Von der Grundschule muß sichergestellt werden, daß jedes Kind den Unterricht bekommt, der es am besten fördert. Es hat keinen Sinn, potentielle Sonderschüler zwei Jahre mitzuschleppen. Schließlich müssen Aufnahmeverfahren für Real- und Oberschulen geschaffen werden, die verhindern, daß oft ein Viertel in den weiterführenden Schulen ist, das dort nur den Lehrablauf hemmt. Die Auslese im Leben kommt sicher, aber je später sie kommt, desto härter kann sie sein. Zunehmend stellt die Wirtschaft fest, daß es heute schon Abiturienten gibt, die einfach durch den Massendruck der Nichtleistung zu ihrem Abschluß gekommen sind. Die Lehrer sind hilflos gegenüber der Niveausenkung und der mangelnden Schuldisziplin. Selbst führende Pädagogen wie Hermann Giesecke ("Wozu ist die Schule da?", Stuttgart 1996) schreiben, daß die Schule 30 Jahre brauchen wird, um wieder normal zu werden.

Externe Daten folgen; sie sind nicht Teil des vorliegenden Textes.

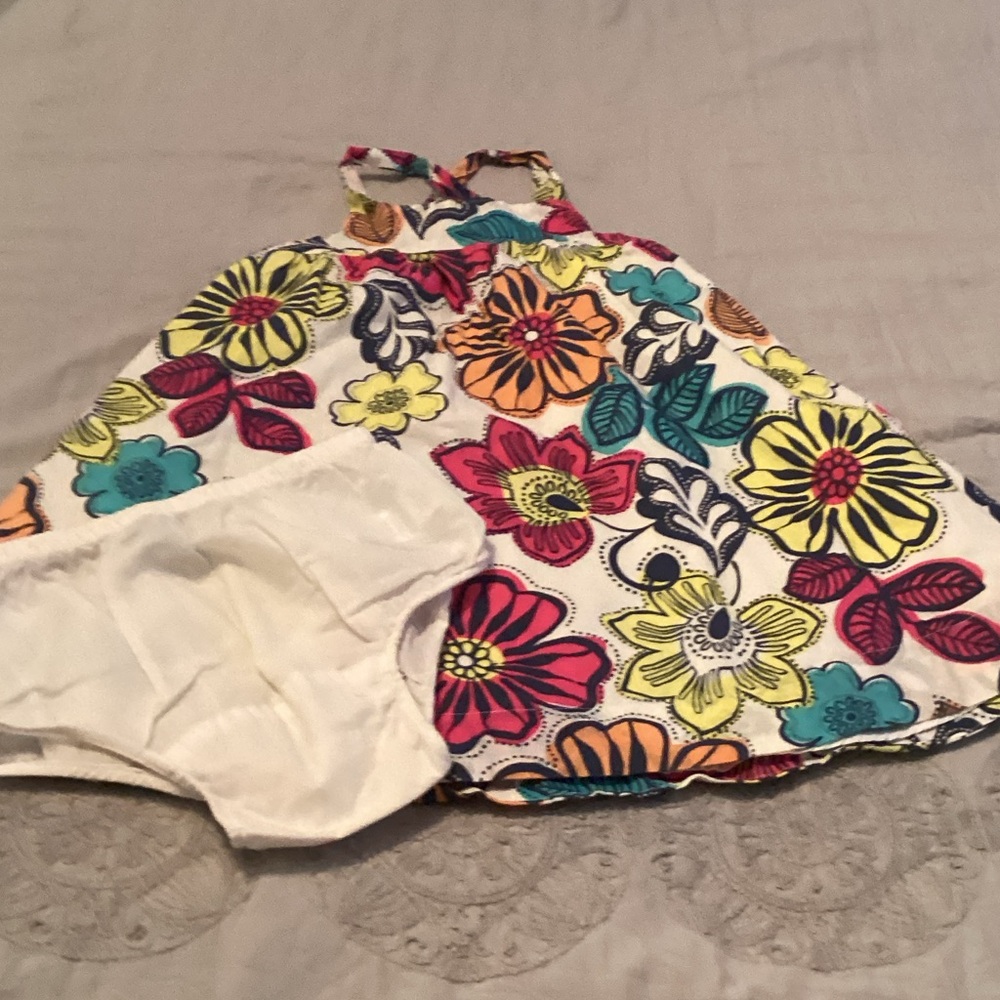 Girls 2T bundle - Picture 2 of 16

Der Verfasser erinnert sich noch gut daran, mit wieviel Stolz er als junger Berufsschullehrer anläßlich eines Lehreraustausches mit den USA 1971 vor der Eltern- und Lehrerversammlung einer US-High-School bei Philadelphia ein Referat über unser deutsches Schul- und Berufsschulsystem hielt. Seine Ausführungen wurden mit standing ovation von fünf Minuten belohnt und der Direktor der Schule umarmte ihn unter Tränen und sprach ins Mikrofon: "Oh, hätten wir doch so ein Berufsschulsystem mit vier Tagen Arbeit und einem Tag Schule, das unseren Schülern in den Beruf helfen würde!" Damals schaffte schon fast jeder Schüler in den USA das "High-School-Certificate" und durfte sich die Fächer aussuchen. Aber alle Colleges mit happigen Studiengebühren und die Universitäten verlangten Aufnahmeprüfungen, viele Schüler waren daher gleich anschließend arbeitslos. Alles Ergebnis einer Gesamtschule, die wir so gern kopieren wollten, obwohl wir durch Filme wie "Saat der Gewalt" hätten schon 1960 gewarnt sein sollen. Unterdessen gibt es diese Gewalt an den Schulen auch bei uns aus Frustration über die Zukunftschancen.

Wir verspielen in Deutschland an der Schule unseren einzigen Rohstoff, den wir noch haben: unsere Begabungen, unseren Leistungswillen, und unsere Arbeitsdisziplin – heute nur noch repräsentiert in der Facharbeiterschaft, im Mittelstand und im älteren Management. Der Wind wird rauher in einem Europa ohne Grenzen, Produktion, die einmal in kostengünstigere Länder abgewandert ist, ist kaum mehr zurückzuholen. Wir können in Deutschland nicht nur zusammenbauen und vermarkten. Ein Drittel unseres Sozialproduktes muß mit dem Export verdient werden. Es kann uns nicht trösten, daß die Volkswagengruppe 1995 die meisten Autos ihrer Firmengeschichte gebaut hat, wenn wir wissen, daß in Deutschland weniger hergestellt wurden. Unsere hohen Reallöhne und die soziale Sicherung verlangen auch mehr Leistung als in anderen Ländern mit einem niedrigeren Niveau. Miese Berufsabschlüsse mit Tarifgarantie führen direkt in die Arbeitslosigkeit – Gastarbeiter machen es besser und billiger. Wir können uns nicht auf Spätaussiedler und Zuwanderer allein verlassen. Leistung wird in der Schule vorbereitet und muß bei ihren Anforderungen wieder einen höheren Stellenwert bekommen. Bildungseuphorien gefährden den Standort Deutschland.